Oui, il s’agit d’un des films les plus attendus de l’année. Oui, c’est visuellement et techniquement époustouflant. Oui, c’est du grand spectacle. Oui, James Cameron est en avance sur ses homologues. Néanmoins, Avatar 3 a un air de déjà-vu.

Ce troisième opus n’apporte, finalement, que très peu de choses. L’antagoniste est encore et toujours le même. Les nouveaux personnages, bien qu’intéressants, sont sous-exploités. Les intrigues et les sous-intrigues sont assez faibles, les thèmes sont réchauffés, tout comme certains plans du film par moment. Et cette sensation de sur-place pendant 3h17, c’est rude. D’autant que le film peine à maîtriser son rythme. Désolée, mais la claque technique et visuelle ne m’a pas suffi.

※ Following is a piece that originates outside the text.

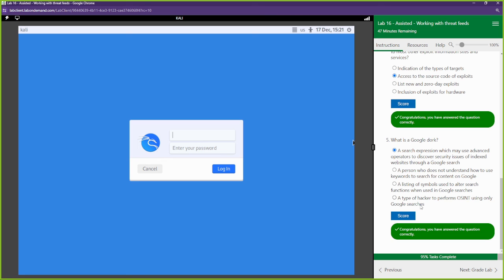Boom. And that is it, y'all. Threat intelligence is pretty straightforward. There are different ways to write out threat intelligence. You have stick reports. Different way to share that threat intel with taxi. If you're not familiar with sticks and taxi, definitely take a look at our Security Fundamentals Academy. Other than that, I will see you all in the next section. Peace.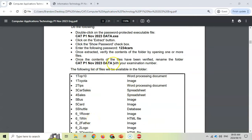That folder that is extracted, you need to rename to your examination number — not your name, just your examination number. Make sure that you've got your exam entry letter because your examination number will be on there. Check it, double check it, and triple check that that examination number is yours, because you don't want your marks going to someone else — that's the only way it's connected to you.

Lire aussi – Critique Avatar 3 : tout ça pour ça ?

Materialists

C’est assurément ma plus grosse déception de cette année. Parce que je n’ai jamais été une grande fan de la saga Avatar, même si je reconnais ses qualités certaines. En revanche, j’avais particulièrement aimé Past Lives de Celine Song en 2023 et j’attendais avec impatience son nouveau projet. Sur le papier, Materialists avait tout pour plaire. Un trio d’acteurs triés sur le volet formé par Pedro Pascal (Les Quatre Fantastiques : Premiers pas), Dakota Johnson (Cinquante nuances de Grey) et Chris Evans (Captain America), un synopsis intéressant, une réalisatrice qui a déjà fait ses preuves… Et pourtant, c’est la douche froide.

Alors que Past Lives bénéficiait d’une écriture précise, profonde et intelligente, Materialists s’avère plat, fade, banal avec des dialogues médiocres et une mise en scène paresseuse. Les personnages n’ont pas, ou peu, de relief. La protagoniste renie carrément sa personnalité à la dernière seconde, sans réelle explication valable. L’idée de nous plonger dans le monde du dating et d’explorer le côté transactionnel des relations amoureuses était pourtant excellente. Malheureusement, Materialists n’ose pas aller au bout et se contente de rester en surface pour nous offrir une fin facile, prévisible… Et illogique du point de vue de l’écriture. Ce qui nous laisse vraiment sur notre faim. Je suis sortie de la salle obscure franchement exaspérée, avec la sensation d’avoir vu un film qui est complètement passé à côté de tout son potentiel.

The Brutalist

J’abordais ce long-métrage avec confiance. N’avait-il pas été auréolé d’un consensus flatteur et enthousiaste des critiques et milieux cinéphiles ? Sur le papier, la promesse était d’ailleurs séduisante. Celle d’un hymne filmé à la création, qui célèbre l’indomptable volonté de l’artiste face à l’adversité.

Quelle déception de découvrir, trois heures plus tard, un film paralysé par sa propre théâtralité pesante et complètement auto-satisfaite. Brady Corbet confond systématiquement l’ampleur avec la profondeur véritable.

Certaines scènes s’éternisent sans justification et apportent une vraie lourdeur. Mais ce qui me déplaît vraiment, c’est cette froide indifférence du réalisateur envers ses propres personnages. Ils semblent exister comme de simples figurants pour permettre au cinéaste de développer ses idées, tel un écolier trop doué.

Chien 51

Le film s’ouvre sur des promesses visuelles alléchantes. Ces drones qui quadrillent l’espace urbain auraient pu constituer le cœur d’une véritable réinvention du polar de science-fiction. On pense aux audaces de Carpenter lors de ses meilleurs jours. Mais, alors que la production de Cédric Jimenez pouvait bifurquer vers des territoires narratifs inexplorés, elle s’empresse de revenir à une confortable enquête totalement prévisible.

Les idées de mise en scène qui illuminent les premières séquences s’évanouissent rapidement et sont submergées par les poncifs de ce genre cinématographique. Pire encore, le scénario s’effondre entièrement sous le poids de ses propres incohérences.

On est d’ailleurs à cet égard très loin du livre de Laurent Gaudé dont il est adapté. Nous attendions un thriller exigeant et innovant, on reçoit un produit calibré dont les scènes d’action ne sont souvent justifiées que par la volonté du faire du clinquant.